The move is meant to transform A2 farmers into agricultural entrepreneurs and their farms to become enviable businesses by 2025 while A1 farmers will be transformed through Government production schemes to become viable and formal small to medium enterprises by 2025.
Information gathered by Lands officials will help the ministry to support provincial land committees in carrying out the new policy on land where multiple land ownership, abandoned farms, derelict farms and underused farms can be considered for reallocation. Farmers who fail to submit information shall be deemed to fall into those categories.
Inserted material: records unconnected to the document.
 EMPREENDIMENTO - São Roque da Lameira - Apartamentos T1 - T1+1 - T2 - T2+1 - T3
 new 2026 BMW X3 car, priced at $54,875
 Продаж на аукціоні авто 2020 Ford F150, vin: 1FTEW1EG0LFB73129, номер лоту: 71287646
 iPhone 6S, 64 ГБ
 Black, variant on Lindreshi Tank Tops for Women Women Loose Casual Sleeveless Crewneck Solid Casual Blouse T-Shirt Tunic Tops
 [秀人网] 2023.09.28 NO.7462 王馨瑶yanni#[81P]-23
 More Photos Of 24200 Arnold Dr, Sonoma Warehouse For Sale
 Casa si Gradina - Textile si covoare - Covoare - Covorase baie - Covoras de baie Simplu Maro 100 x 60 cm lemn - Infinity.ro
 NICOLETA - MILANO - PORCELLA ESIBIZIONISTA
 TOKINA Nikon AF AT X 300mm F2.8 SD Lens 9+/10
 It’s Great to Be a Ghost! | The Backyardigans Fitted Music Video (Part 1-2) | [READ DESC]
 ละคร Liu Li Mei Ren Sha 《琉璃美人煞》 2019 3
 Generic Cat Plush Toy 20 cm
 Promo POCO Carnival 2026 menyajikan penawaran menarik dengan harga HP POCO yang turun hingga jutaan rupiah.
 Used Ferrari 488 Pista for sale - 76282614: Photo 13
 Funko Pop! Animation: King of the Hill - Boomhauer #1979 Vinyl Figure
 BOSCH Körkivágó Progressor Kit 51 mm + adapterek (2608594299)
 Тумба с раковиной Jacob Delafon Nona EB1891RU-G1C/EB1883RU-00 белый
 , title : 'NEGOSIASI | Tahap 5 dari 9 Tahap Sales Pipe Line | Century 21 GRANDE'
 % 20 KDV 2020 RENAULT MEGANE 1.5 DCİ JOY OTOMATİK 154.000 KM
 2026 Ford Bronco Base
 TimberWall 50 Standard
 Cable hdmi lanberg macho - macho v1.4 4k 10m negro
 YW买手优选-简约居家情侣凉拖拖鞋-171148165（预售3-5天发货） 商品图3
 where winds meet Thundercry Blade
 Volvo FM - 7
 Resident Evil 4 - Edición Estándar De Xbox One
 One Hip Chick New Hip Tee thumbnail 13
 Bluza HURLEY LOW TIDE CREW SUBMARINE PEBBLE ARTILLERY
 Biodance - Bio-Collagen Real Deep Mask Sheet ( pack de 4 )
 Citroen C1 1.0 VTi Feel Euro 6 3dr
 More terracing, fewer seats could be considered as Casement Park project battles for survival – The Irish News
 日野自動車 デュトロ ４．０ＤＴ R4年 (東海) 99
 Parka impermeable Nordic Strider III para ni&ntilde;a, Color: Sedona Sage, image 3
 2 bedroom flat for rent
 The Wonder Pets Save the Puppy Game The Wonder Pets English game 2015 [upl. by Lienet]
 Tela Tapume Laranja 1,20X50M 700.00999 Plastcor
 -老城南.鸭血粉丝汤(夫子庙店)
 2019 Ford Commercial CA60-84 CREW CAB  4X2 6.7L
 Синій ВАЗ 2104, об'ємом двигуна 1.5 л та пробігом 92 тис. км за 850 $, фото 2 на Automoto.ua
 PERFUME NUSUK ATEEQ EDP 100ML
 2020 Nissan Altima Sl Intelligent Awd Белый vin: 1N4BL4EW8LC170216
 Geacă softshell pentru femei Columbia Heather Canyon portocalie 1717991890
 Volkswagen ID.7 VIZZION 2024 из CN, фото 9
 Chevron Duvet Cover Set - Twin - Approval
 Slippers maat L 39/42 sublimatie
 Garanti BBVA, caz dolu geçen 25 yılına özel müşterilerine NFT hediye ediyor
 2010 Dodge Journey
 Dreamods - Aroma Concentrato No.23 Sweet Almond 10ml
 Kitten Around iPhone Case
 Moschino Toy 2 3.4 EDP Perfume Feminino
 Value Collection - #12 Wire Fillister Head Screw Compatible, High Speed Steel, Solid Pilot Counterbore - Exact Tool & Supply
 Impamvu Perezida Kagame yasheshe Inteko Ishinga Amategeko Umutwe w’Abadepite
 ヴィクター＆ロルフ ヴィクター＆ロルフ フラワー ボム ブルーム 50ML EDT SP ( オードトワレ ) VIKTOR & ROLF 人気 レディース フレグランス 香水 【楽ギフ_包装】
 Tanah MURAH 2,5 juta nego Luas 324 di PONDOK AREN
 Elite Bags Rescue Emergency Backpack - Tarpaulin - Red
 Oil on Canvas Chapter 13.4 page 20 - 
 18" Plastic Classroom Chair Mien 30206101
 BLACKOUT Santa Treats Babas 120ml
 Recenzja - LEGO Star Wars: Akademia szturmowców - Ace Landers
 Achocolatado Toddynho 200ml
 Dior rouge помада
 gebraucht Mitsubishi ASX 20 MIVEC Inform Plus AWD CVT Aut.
Productive farms exceeding the maximum farm size for their agro-ecological region shall be exempted from downsizing until further guidance.
Agriculture economist, Dr Midway Bhunu, said the proposed monitoring and evaluation system was welcome and was one of the critical steps towards commercialisation of farming. “This will solve the long standing challenge of underutilisation of productive land that has negatively impacted on the food, income and nutrition security of the country,” he said.
Dr Bhunu said commercialised farming was widely considered as the most effective means of dealing with poverty in the developing world. “It is important that land gets into the right hands, and be put to good use so that we feed our nation and attain our breadbasket status again.
“This is the time now to attract private sector investments into our farming systems for various value chains. We recommend a well-coordinated approach on implementation of this noble idea where all players, development partners and private sector included join hands with the Government and develop our agriculture.
“We have great potential to revive many value chains that had collapsed, examples are coffee and flowers just to pick a few,” he said.
Zimbabwe Farmers Union agriculture economist, Dr Prince Kuipa, said the move will help Government in policy formulation and planning. “The Lands Ministry will be able to know land underuse, types of crops being grown and also challenges being faced by farmers. The Ministry should also consider challenges being faced by farmers that affect production. Funding has been the major challenge affecting production on farms and it should be addressed so every farmer will be able to put land to use.
“Bankable 99-year leases should be prioritised so that farmers will be able to access funding to boost production,” he said.
Youth in Agriculture Apex Council chief executive, Mrs Memory Nyakwima Chakwita, said the organisation was ready to “nature its young farmers who benefit from this exercise through provision of inputs and technical expertise”.
Zimbabwe National Farmers Union vice president, Mr Edward Dune, encouraged relevant authorities and organisations to educate farmers on the transitional process. “There is also need to justify production trends. There could be other reasons why farmers could be failing to produce,” he said.
Lands Minister Dr Anxious Masuka said in pursuit of Vision 2030 and the National Development Strategy 1, and through the Agriculture and Food Systems Transformation Strategy, his Ministry was seeking to transform the agriculture sector by making farming a business.
Government is determined to increase productivity on the farms to create a high productive chain of business-orientated farmers and turn agriculture into an US$8 billion sector by 2023.